The Slugger's Wife is a 1985 romantic comedy film about a baseball star who falls for a singer. Written by Neil Simon, directed by Hal Ashby and produced by Ray Stark, the film stars Michael O'Keefe, Rebecca De Mornay and Randy Quaid. The eighth collaboration between Stark and Simon, the film was distributed by Columbia Pictures and released on March 29, 1985.

==Plot ==
Darryl Palmer is a baseball player for the Atlanta Braves. He enjoys the fame and fringe benefits of bachelor life until he meets rock singer Debby Huston, falls in love, and decides to settle down.
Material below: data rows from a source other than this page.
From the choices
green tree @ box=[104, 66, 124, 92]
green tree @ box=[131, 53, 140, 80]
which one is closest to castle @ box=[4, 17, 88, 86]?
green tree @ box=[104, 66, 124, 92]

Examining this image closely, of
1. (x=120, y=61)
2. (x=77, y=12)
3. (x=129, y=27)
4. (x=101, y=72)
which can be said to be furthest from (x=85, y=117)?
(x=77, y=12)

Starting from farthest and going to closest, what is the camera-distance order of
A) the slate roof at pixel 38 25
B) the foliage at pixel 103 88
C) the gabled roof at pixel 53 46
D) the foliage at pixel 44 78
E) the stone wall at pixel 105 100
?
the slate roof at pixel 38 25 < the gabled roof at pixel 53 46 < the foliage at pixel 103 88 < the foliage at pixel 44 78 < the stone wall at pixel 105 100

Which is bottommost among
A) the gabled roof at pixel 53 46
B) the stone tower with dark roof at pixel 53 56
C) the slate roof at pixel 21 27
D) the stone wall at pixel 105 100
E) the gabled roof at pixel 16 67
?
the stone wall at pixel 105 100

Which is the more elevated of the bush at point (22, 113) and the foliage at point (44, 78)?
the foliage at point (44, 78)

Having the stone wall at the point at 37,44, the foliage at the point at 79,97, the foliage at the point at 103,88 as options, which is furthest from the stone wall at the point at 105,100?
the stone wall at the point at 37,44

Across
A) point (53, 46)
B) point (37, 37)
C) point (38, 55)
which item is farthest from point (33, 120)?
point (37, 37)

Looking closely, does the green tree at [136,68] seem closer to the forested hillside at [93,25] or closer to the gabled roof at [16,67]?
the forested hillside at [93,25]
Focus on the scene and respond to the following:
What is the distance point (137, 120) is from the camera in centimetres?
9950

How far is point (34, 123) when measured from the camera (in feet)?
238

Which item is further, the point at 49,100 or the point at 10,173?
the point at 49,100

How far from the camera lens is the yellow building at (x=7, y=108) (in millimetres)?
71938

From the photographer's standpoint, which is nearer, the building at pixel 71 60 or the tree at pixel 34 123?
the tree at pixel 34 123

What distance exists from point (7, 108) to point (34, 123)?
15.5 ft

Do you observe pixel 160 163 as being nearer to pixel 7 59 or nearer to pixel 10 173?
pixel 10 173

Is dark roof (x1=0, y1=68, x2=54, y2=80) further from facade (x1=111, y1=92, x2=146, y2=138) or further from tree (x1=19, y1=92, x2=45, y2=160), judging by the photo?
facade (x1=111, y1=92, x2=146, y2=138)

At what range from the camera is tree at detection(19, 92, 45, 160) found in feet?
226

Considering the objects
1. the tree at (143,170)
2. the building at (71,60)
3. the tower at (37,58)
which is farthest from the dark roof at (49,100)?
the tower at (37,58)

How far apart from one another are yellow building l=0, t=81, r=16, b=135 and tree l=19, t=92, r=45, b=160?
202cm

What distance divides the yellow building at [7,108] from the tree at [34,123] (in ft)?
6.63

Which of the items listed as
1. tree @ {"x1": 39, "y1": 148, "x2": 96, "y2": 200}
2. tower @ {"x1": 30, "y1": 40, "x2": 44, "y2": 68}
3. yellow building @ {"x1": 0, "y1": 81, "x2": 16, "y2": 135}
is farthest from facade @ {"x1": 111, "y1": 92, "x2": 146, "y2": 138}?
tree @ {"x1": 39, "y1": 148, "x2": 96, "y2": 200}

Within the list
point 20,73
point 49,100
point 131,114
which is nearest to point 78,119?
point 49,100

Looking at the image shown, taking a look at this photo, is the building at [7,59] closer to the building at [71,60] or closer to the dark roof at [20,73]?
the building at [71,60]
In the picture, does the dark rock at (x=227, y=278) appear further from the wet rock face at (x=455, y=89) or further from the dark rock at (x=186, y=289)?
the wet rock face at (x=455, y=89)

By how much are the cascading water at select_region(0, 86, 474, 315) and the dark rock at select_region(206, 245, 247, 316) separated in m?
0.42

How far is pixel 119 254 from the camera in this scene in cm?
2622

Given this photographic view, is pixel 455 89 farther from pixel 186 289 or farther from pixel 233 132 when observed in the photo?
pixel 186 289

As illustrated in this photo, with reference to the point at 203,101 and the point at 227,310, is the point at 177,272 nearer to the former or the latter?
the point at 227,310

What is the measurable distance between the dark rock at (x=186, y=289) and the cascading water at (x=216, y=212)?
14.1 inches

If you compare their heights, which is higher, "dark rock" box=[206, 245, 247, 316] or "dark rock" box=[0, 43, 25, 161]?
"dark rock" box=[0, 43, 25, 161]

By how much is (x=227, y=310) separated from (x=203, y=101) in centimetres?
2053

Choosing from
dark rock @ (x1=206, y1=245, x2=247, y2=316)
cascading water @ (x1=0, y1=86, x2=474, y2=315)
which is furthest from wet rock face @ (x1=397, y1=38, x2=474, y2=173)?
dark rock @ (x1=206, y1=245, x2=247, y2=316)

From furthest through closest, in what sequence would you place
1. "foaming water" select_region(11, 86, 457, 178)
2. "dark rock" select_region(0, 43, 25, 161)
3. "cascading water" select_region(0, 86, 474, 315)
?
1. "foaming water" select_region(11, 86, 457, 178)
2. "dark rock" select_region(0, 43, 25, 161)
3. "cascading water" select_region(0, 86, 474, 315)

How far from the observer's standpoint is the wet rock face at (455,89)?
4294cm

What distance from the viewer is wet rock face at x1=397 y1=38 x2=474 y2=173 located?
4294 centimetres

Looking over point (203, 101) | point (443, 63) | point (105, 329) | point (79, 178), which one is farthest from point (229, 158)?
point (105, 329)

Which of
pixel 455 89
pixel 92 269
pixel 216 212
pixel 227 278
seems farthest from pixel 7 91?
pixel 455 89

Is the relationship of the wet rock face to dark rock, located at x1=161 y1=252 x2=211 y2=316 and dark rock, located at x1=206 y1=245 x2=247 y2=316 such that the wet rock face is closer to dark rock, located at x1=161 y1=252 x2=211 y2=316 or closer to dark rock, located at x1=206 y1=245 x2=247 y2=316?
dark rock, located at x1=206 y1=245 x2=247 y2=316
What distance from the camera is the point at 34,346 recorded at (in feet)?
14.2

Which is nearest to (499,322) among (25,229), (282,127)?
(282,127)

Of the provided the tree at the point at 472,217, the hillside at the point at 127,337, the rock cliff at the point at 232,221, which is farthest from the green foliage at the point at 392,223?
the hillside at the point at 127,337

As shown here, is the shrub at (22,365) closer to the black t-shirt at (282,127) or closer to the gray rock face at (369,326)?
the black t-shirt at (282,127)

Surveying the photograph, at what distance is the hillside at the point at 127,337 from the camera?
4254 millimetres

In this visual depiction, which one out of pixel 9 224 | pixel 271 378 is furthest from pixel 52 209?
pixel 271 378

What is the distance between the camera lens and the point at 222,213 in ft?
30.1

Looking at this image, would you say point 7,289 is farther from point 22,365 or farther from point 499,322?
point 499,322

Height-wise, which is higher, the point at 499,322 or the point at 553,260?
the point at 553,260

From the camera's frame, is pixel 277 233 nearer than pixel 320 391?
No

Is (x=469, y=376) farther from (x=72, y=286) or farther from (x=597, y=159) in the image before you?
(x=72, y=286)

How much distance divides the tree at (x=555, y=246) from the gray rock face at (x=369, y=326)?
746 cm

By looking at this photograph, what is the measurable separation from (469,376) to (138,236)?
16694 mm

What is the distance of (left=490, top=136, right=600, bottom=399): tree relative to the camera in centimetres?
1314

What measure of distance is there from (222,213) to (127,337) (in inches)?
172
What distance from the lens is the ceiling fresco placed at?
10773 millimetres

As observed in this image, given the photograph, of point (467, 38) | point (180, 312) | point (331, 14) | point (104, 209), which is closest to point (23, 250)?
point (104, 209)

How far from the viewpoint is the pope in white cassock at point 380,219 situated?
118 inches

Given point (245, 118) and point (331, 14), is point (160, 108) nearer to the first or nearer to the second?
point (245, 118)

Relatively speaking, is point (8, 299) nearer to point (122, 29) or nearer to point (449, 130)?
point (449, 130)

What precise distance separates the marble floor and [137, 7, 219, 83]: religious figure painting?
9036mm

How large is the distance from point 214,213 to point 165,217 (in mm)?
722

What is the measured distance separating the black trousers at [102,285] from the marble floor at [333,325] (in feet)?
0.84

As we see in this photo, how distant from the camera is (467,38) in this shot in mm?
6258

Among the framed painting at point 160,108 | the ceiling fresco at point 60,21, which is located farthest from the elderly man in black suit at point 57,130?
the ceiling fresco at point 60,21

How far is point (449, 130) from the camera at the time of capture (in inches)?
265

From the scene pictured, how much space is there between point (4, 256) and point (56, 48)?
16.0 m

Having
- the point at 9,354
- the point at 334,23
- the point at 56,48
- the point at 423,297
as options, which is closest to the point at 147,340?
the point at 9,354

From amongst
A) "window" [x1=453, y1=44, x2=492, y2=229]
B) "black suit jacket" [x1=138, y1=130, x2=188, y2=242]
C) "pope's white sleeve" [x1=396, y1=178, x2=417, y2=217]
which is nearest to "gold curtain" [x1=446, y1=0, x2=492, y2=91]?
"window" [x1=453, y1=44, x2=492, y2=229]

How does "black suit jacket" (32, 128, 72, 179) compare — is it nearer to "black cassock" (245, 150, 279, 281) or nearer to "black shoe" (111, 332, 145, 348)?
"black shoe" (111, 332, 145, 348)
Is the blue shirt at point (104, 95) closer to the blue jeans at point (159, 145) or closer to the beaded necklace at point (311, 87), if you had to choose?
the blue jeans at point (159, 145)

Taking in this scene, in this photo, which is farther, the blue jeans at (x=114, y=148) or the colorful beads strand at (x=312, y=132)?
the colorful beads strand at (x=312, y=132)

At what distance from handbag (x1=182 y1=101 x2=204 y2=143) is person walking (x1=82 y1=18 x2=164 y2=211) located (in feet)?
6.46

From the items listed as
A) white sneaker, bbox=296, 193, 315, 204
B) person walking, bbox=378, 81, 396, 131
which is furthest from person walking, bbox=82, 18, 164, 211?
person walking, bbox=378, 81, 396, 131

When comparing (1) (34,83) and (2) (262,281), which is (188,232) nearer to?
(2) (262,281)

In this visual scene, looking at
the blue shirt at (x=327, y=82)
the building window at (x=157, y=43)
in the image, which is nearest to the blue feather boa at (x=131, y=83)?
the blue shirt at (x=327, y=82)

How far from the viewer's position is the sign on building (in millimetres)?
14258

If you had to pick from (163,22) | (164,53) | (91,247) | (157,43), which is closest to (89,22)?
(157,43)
Debby is not ready to put her professional hopes on hold, but from the moment Darryl meets her, his own career takes off. He seeks to break professional baseball's single-season home run record and considers Debby a good-luck charm, wanting her to be there at his games.

Manager Burly DeVito appreciates that Darryl has found a settling influence in his life, but teammates Moose Granger and Manny Alvarado become increasingly aware of how obsessed Darryl is with Debby and how unhappy she has become. She feels smothered by Darryl, who interferes with her career ambitions and goes into a jealous funk whenever she goes on the road.
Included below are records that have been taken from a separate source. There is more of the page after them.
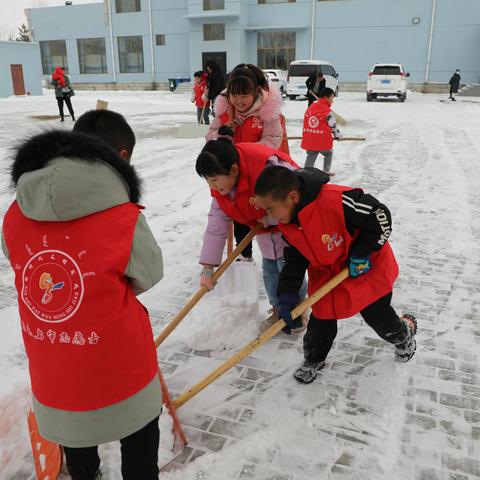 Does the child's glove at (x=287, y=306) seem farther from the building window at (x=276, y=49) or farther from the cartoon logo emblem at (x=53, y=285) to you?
the building window at (x=276, y=49)

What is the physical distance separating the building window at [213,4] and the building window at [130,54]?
199 inches

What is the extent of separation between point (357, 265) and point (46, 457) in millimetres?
1508

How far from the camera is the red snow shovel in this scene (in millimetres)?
2096

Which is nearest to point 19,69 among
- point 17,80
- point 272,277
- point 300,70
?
point 17,80

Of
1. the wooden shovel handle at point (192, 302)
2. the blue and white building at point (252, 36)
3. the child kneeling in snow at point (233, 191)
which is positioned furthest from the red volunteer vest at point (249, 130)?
the blue and white building at point (252, 36)

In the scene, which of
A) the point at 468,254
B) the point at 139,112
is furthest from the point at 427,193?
the point at 139,112

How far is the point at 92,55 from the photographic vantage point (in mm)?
31297

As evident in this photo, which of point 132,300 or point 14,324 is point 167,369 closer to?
point 14,324

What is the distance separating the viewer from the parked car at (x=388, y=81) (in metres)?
19.4

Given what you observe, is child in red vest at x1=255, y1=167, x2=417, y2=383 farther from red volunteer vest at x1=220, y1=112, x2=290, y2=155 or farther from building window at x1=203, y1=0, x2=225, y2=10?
building window at x1=203, y1=0, x2=225, y2=10

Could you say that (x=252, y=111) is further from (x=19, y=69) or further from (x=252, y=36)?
(x=252, y=36)

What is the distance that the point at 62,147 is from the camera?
4.22ft

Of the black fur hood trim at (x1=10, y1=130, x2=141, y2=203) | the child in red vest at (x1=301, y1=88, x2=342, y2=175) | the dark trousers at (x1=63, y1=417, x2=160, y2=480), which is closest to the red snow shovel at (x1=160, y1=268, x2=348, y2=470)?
the dark trousers at (x1=63, y1=417, x2=160, y2=480)

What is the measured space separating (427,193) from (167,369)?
449 cm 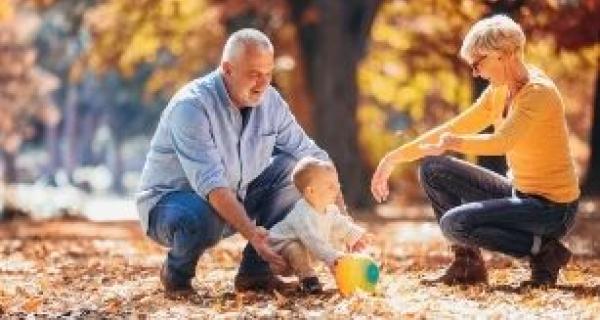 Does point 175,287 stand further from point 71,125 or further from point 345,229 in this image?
point 71,125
The couple breaks up, to the detriment of Darryl's game and his pursuit of one of baseball's greatest feats. He begins to fail on a regular basis and the team's playoff chances could be in jeopardy. Burly and his players concoct a plan to have another woman Aline Cooper, hidden by shadows, pretend to be Darryl's wife, telling him everything he wants to hear. It works temporarily, then backfires.
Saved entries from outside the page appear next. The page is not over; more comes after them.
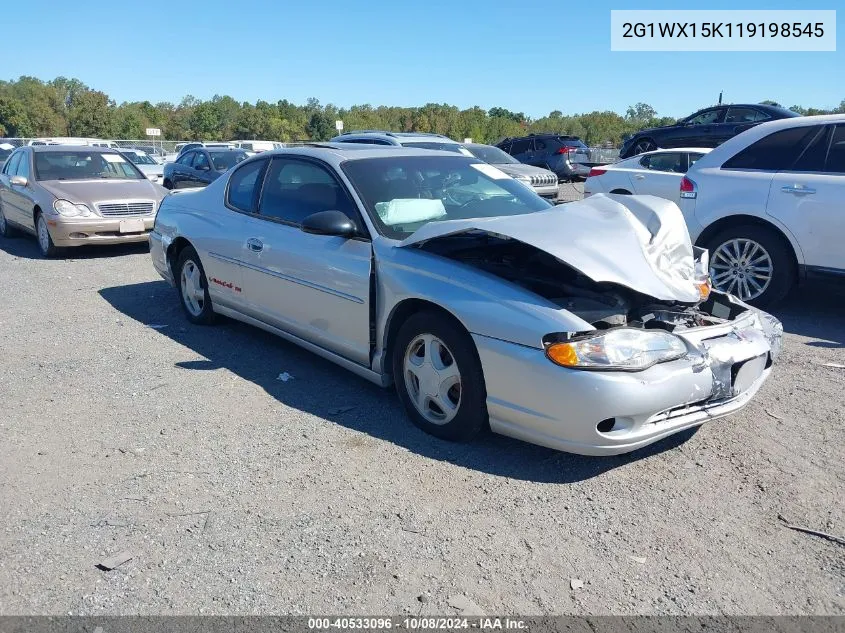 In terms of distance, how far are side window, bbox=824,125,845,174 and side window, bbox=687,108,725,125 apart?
1094 cm

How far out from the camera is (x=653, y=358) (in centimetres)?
337

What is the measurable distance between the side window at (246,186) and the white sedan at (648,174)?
22.8ft

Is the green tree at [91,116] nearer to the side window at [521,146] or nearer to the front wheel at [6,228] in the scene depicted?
the side window at [521,146]

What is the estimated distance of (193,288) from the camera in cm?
620

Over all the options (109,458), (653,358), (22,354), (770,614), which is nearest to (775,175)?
(653,358)

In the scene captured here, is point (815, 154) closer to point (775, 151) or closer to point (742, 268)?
point (775, 151)

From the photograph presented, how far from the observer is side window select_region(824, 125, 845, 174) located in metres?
6.20

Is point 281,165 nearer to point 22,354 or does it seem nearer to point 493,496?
point 22,354

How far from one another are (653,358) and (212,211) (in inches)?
153

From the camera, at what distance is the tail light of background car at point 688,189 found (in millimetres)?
7027

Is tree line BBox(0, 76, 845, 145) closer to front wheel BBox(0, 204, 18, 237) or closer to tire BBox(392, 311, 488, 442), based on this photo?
front wheel BBox(0, 204, 18, 237)

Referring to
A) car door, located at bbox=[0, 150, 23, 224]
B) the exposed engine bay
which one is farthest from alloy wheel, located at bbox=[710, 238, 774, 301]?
car door, located at bbox=[0, 150, 23, 224]

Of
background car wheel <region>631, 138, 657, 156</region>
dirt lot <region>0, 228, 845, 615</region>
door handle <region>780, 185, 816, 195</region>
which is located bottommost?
dirt lot <region>0, 228, 845, 615</region>

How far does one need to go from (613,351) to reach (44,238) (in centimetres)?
905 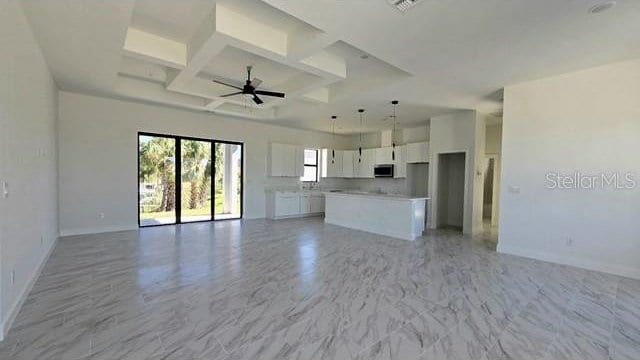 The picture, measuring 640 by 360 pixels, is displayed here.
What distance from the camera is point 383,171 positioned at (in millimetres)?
9039

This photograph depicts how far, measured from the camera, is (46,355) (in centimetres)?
207

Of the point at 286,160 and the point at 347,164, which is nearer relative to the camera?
the point at 286,160

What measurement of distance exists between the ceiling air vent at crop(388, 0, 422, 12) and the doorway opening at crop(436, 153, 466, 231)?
5.77m

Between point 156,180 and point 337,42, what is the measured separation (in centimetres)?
545

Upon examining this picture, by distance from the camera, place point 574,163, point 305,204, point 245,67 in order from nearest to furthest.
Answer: point 574,163, point 245,67, point 305,204

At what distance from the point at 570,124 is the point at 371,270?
374 cm

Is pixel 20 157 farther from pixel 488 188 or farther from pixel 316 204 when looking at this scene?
pixel 488 188

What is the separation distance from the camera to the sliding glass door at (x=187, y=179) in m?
6.92

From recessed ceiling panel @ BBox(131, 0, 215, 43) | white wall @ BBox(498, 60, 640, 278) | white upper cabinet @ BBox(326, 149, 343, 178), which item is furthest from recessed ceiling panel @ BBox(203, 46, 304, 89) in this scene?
white upper cabinet @ BBox(326, 149, 343, 178)

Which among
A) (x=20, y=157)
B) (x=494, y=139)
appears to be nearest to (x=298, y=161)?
(x=494, y=139)

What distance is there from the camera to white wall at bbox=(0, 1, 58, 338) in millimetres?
2428

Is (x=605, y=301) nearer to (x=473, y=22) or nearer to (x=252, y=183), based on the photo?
(x=473, y=22)

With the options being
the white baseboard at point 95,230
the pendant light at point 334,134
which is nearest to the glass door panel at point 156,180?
the white baseboard at point 95,230

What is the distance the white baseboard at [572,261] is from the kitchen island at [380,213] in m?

Debby comes back to try to work things out. Darryl does indeed hit his record-breaking home run, but whether the couple's relationship can ever be what it once was remains uncertain.

==Cast==

- Michael O'Keefe as Darryl Palmer
- Rebecca De Mornay as Debby Huston
- Randy Quaid as Moose Granger
- Cleavant Derricks as Manny Alvarado
- Martin Ritt as Burly DeVito
- Lisa Langlois as Aline Cooper
- Loudon Wainwright III as Gary
- Georgann Johnson as Marie DeVito
- Danny Tucker as Coach O'Brien
- Lynn Whitfield as Tina Alvarado

== Production ==
Neil Simon originally set the script in Houston, but moved the location to Atlanta to give the film a more "Middle America" feeling due to Simon finding it to be a "more eclectic, more contemporary" city. The move was also influenced by the city being the headquarters of Coca-Cola, which owned Columbia Pictures. Rebecca De Mornay performed two weeks worth of scenes with a Southern accent, but the material was reshot after Ashby decided it was not working. Michael O'Keefe spent several weeks in Spring 1984 training with the Atlanta Braves in Florida, while extras included former major league stars such as Mark Fidrych and Bucky Dent. Quincy Jones composed music for the film, which included 6 rock numbers by De Mornay, two of which were released as music videos in Fall 1985.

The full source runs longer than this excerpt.